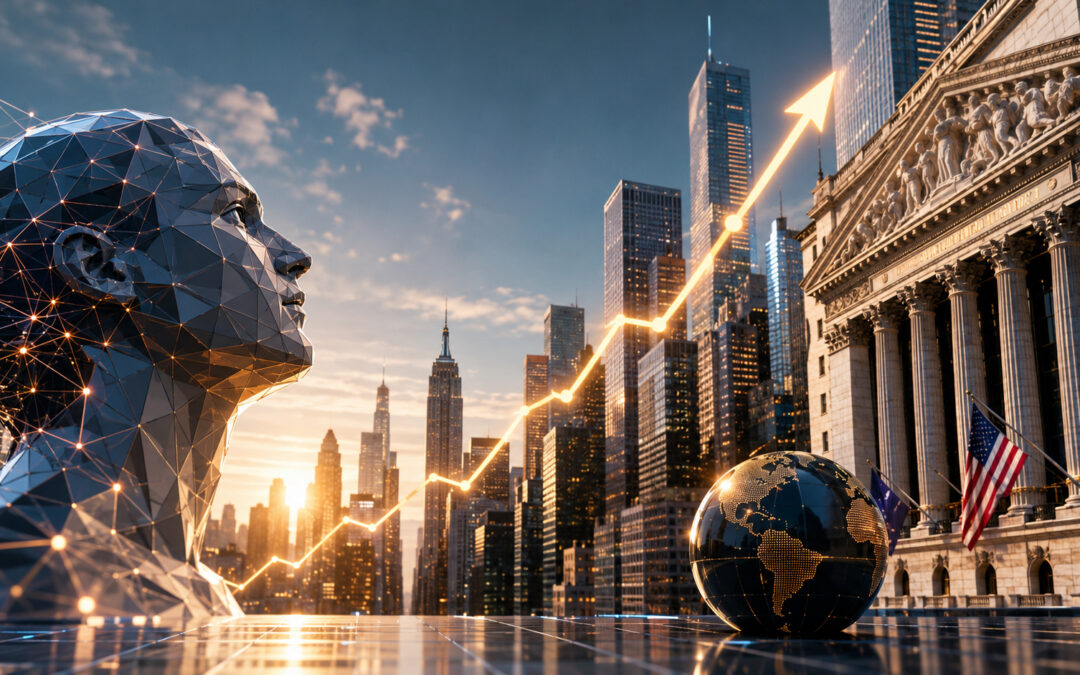 IPO Anthropic : tête d’intelligence artificielle en réseau face aux gratte-ciel de Wall Street, courbe boursière ascendante et façade à colonnes du New York Stock Exchange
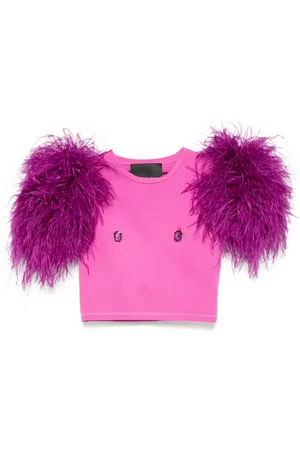 LOULOU Playera con detalle de plumas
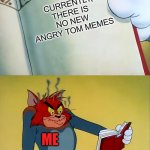 Angry Tom | CURRENTLY, THERE IS NO NEW ANGRY TOM MEMES; ME | image tagged in angry tom | made w/ Imgflip meme maker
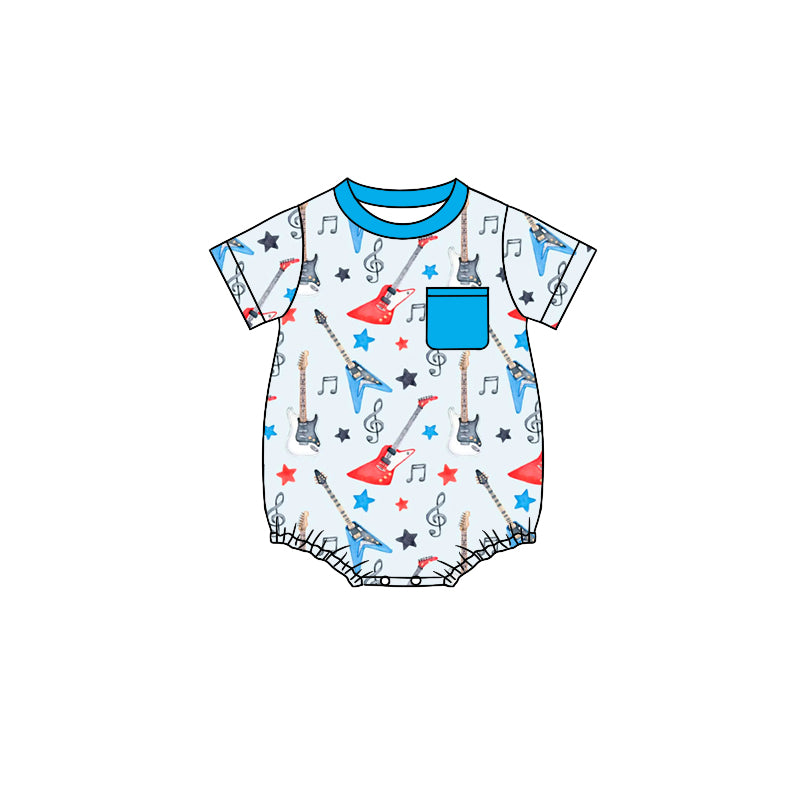 Baby Boys Guitar Pocket Short Sleeve Rompers preorder(moq 5)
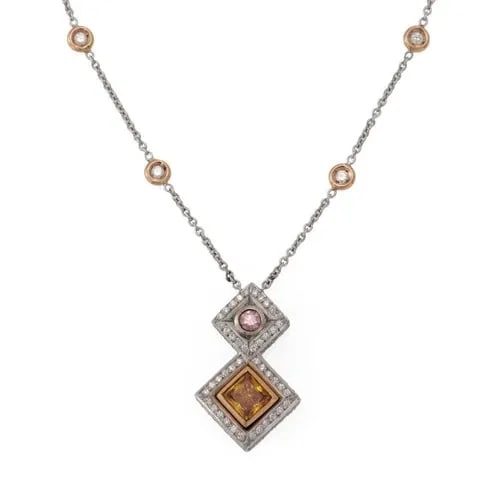 LOVELY 1.92CT WHITE YELLOW PINK DIAMOND 18K GOLD FANCY NECKLACE GIA REPORT: LOVELY 1.92CT WHITE YELLOW PINK DIAMOND 18K GOLD FANCY NECKLACE GIA REPORT Lovely 1.92ct White Yellow Pink Diamond 18k Gold Fancy Necklace GIA Report Description This is a beautiful double diamond sha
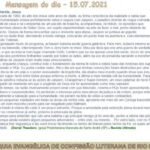 Mensagem do dia - 15.07.2021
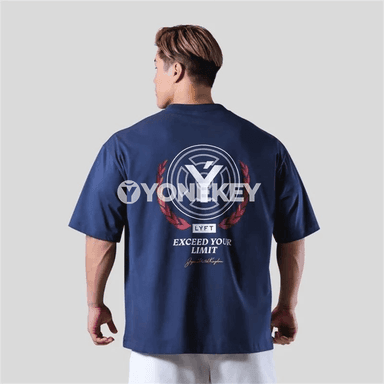 Erkekler üçin 100% pagta sport futbolka, giň kesimli, gysga ýeňli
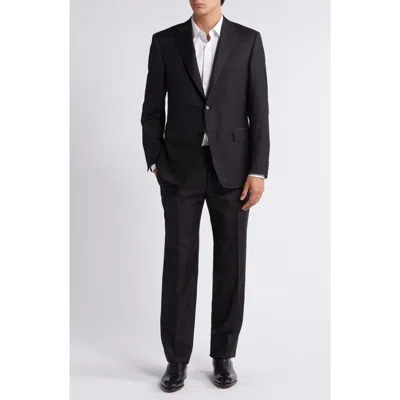 Canali Solid Wool Suit In Black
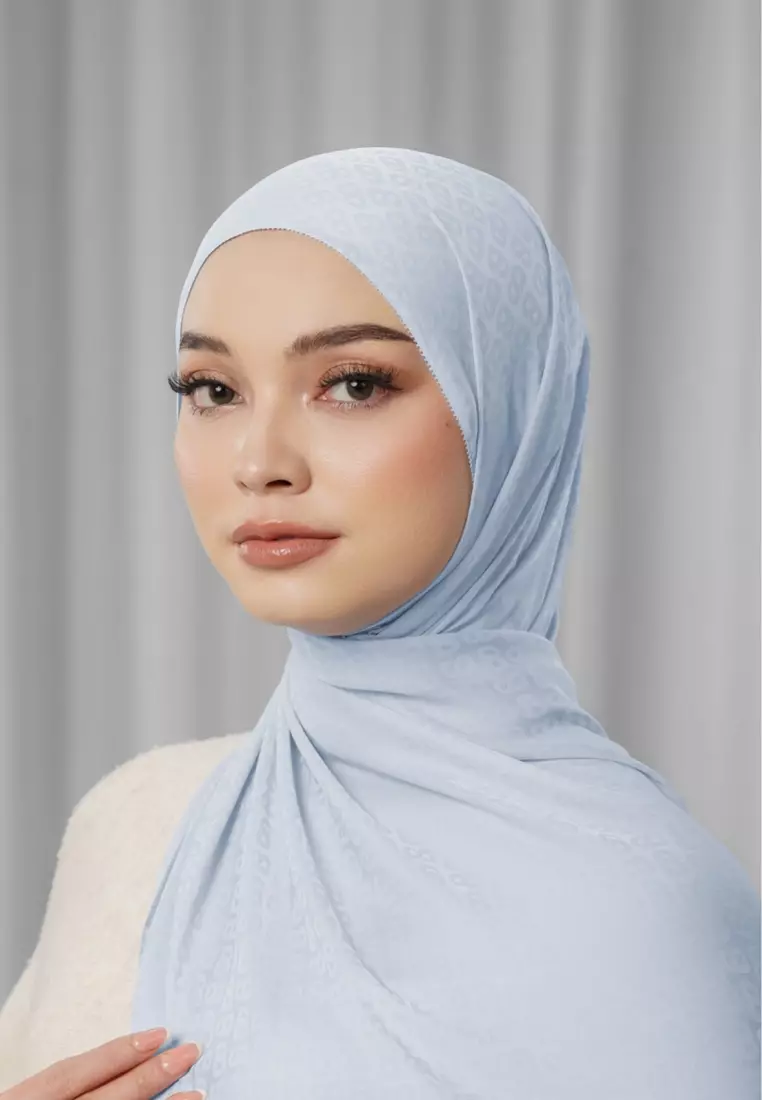 Tapis Satin Jacquard Shawl - Zen Blue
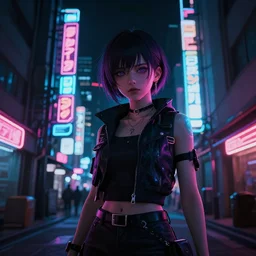 japan cyber punk, night vibes, neon lit, cinematic lighting, octane render, 4 k, dark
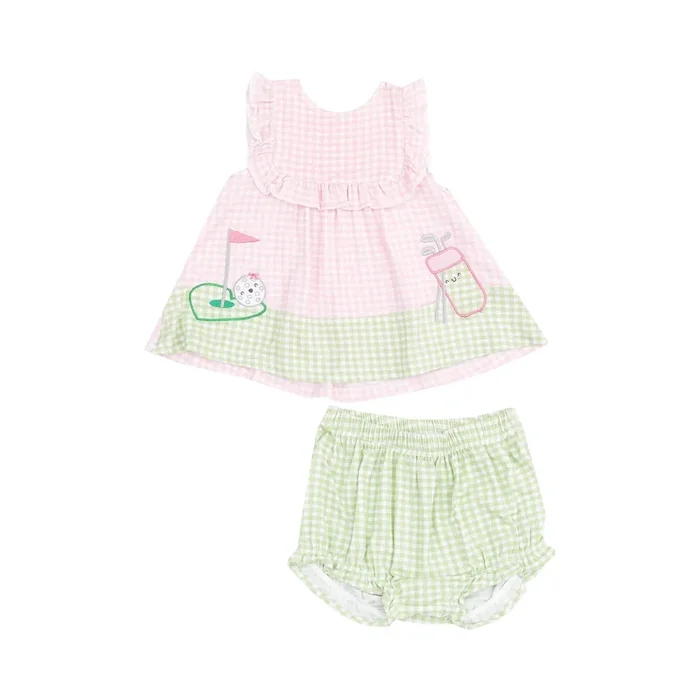 Angel Dear Ruffle Top w/ Applique & Bloomer | Golf Mini Gingham Pink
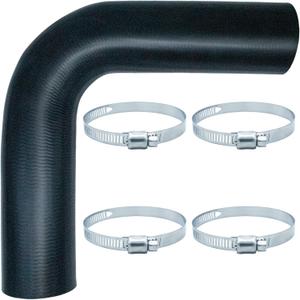 Gasoline Fuel Filler Neck Hose 2 inches Inside 90 degree (2" ID 15 7/8" Long) with 4 Hose Clamps Reinforced Gas tank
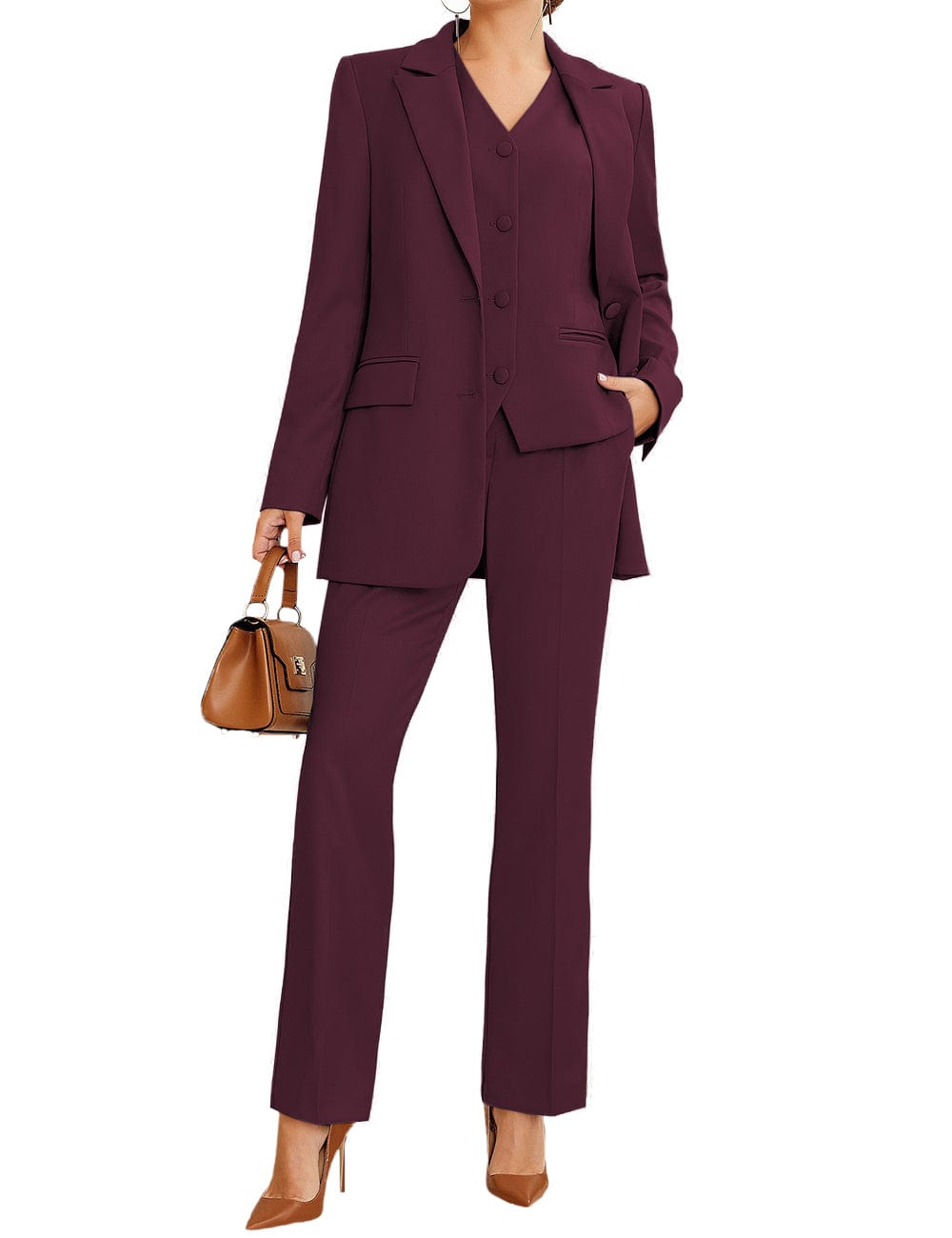 solovedress 3 Piece Stylish Casual Peak Lapel Women's Suit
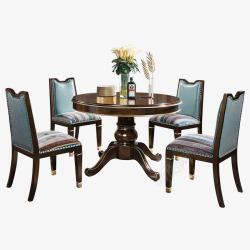 2米轻奢实木餐桌家用美式胡桃木圆餐桌12米圆形餐桌桌子高清图片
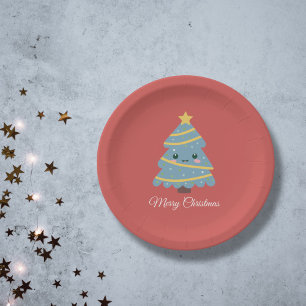 Red Paper Plate with Kawaii Christmas Tree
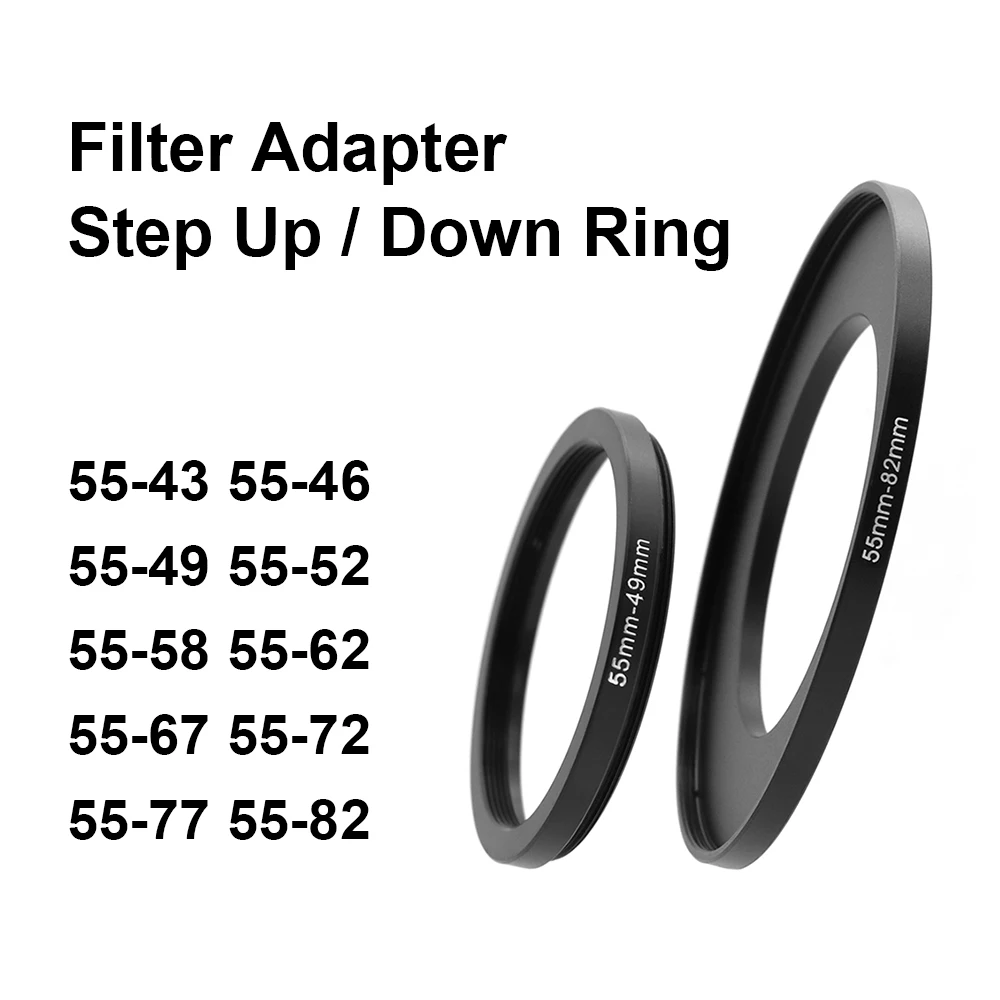 Anillo adaptador de filtro de lente de cámara, anillo elevador o abajo de Metal para lente de 55mm-43 46 49 52 58 62 67 72 77 82mm UV ND CPL parasol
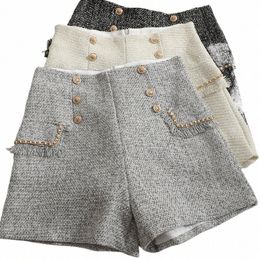 itoolin Women Tweed High Waist Short Butt Vintage A-line Shorts Casual Office Shorts Women Chic Trousers 2024 Spring Summer T0U9#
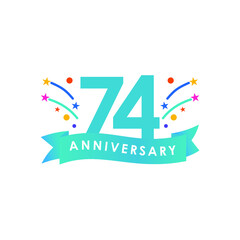 74 years anniversary celebration vector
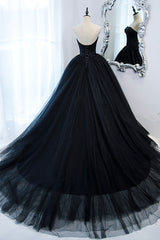 Black Strapless Tulle Long A-Line Corset Prom Dress, Black Corset Formal Evening Gown outfits, Little Black Dress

[WHAT IS BEING ASKED]: Before answering, please find the line containing "Erkekler üçin 100%" above, then copy exactly from it through the last line of the entries, both included, without pictures.

[WRITTEN SOLUTION]:
 Erkekler üçin 100% pagta sport futbolka, giň kesimli, gysga ýeňli
 Canali Solid Wool Suit In Black
 Tapis Satin Jacquard Shawl - Zen Blue
 japan cyber punk, night vibes, neon lit, cinematic lighting, octane render, 4 k, dark
 Angel Dear Ruffle Top w/ Applique & Bloomer | Golf Mini Gingham Pink
 Gasoline Fuel Filler Neck Hose 2 inches Inside 90 degree (2" ID 15 7/8" Long) with 4 Hose Clamps Reinforced Gas tank
 solovedress 3 Piece Stylish Casual Peak Lapel Women's Suit
 2米轻奢实木餐桌家用美式胡桃木圆餐桌12米圆形餐桌桌子高清图片
 Red Paper Plate with Kawaii Christmas Tree
 Anillo adaptador de filtro de lente de cámara, anillo elevador o abajo de Metal para lente de 55mm-43 46 49 52 58 62 67 72 77 82mm UV ND CPL parasol
 itoolin Women Tweed High Waist Short Butt Vintage A-line Shorts Casual Office Shorts Women Chic Trousers 2024 Spring Summer T0U9#
 74 years anniversary celebration vector
 Black Strapless Tulle Long A-Line Corset Prom Dress, Black Corset Formal Evening Gown outfits, Little Black Dress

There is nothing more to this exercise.